If you don't follow him on Twitter, make sure to check out his profile at: @SecondeJ!
Behind the Dev
Can you tell us a bit about yourself?
Hi, I’m Jim! I’m a trained actor with a dissertation in standup comedy, which naturally led me to the glamorous world of software engineering via. Business Intelligence development. My full-stack career started in about 2014, which came about from heading to PHP community events, then JavaScript community events and finally DevOps events. I’m pretty much a developer born from the developer community, which is reflected now within my role in Developer Relations.
How did you first get into web development?
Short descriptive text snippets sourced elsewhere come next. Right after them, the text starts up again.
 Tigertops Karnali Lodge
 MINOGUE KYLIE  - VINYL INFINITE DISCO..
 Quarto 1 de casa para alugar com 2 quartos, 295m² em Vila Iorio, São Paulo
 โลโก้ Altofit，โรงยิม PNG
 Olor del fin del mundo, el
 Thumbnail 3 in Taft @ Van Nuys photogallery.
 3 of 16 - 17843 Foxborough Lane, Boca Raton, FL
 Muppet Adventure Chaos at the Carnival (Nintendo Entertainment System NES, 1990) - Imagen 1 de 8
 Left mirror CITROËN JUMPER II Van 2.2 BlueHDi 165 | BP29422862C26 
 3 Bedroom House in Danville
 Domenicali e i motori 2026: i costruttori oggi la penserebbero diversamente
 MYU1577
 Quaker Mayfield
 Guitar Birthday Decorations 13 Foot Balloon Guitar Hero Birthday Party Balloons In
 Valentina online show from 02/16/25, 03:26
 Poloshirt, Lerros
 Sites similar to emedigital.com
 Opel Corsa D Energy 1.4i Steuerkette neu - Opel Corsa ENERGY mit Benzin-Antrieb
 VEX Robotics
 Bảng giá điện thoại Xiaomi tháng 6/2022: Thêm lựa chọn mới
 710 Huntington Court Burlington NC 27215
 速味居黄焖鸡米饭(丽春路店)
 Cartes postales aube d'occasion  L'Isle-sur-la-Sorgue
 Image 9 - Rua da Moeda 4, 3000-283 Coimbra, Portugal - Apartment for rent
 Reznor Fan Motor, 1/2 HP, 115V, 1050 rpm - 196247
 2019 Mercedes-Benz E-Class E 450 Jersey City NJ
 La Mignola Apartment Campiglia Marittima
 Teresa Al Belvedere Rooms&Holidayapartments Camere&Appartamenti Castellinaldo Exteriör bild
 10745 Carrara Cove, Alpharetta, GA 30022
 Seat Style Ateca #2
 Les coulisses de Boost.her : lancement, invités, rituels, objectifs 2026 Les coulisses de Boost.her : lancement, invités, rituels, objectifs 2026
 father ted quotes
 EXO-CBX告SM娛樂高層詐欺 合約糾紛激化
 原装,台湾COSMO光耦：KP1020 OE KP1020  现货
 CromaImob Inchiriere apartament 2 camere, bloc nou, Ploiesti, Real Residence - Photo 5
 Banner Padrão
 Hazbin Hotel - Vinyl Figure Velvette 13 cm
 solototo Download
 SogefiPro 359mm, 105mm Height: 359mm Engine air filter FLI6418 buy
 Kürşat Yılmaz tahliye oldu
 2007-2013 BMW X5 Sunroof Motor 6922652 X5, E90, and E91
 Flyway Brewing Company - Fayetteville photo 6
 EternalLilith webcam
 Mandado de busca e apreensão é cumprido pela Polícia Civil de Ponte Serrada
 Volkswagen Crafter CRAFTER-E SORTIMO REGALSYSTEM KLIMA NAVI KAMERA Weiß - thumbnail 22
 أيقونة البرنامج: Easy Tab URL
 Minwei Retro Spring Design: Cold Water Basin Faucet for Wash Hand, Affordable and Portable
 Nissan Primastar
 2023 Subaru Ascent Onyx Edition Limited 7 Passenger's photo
My workplace sent me on a course in 2011, because the business needed more advanced application options than the current ones I was working on - there’s only so much you can do with Microsoft Access and VBA(!). Up until this point I’d coded some fairly basic jQuery and HTML, then deployed some hacked-together Joomla! Sites (“deploy” meaning: FTP the files up) without really knowing what I was doing.
I metaphorically threw the dart at the dartboard and, “Hey, lots of people use PHP!” was the result, so I went on a course in PHP and Symfony. At PHP London, I got an offer to work as a junior at a music industry startup using Silverstripe and Symfony, and that was that: my journey was complete.
As a DevRel, what’s your typical day like?
There is a reason that Developer Relations (DevRel) is highly in demand, and (for the most part) highly compensated. Context-switching is a battle I have to face each day, and although DevRel differs depending on the needs of the business, it tends to have many similar aspects to it.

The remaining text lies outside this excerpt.